WHAT YOU HAVE TO DO:
From the material below, copy exactly the lines beginning with the one that contains "Office desk &" and ending with the one that contains "A modern conference"; the pictures stay out.

DATA PROVIDED:
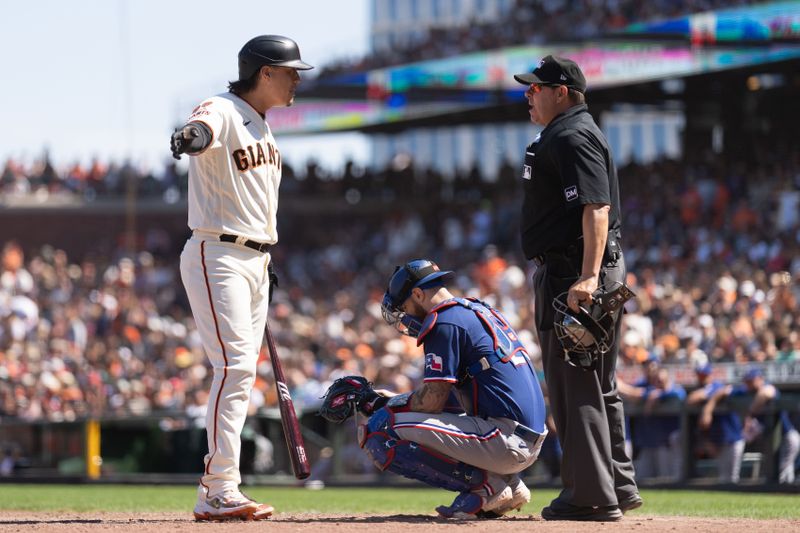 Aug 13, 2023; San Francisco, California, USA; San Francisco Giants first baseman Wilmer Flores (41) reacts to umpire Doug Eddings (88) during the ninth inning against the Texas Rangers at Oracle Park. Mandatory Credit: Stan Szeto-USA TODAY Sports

---

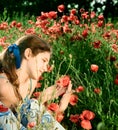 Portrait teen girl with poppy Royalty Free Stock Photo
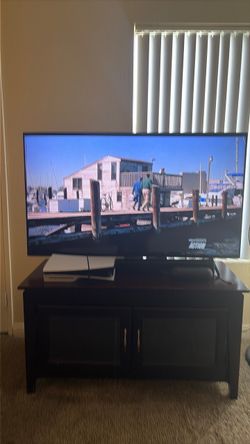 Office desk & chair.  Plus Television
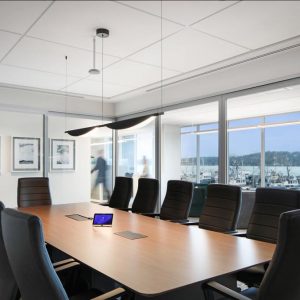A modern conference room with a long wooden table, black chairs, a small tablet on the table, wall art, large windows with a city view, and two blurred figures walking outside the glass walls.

PROBLEM SOLUTION:
 Office desk & chair.  Plus Television
A modern conference room with a long wooden table, black chairs, a small tablet on the table, wall art, large windows with a city view, and two blurred figures walking outside the glass walls.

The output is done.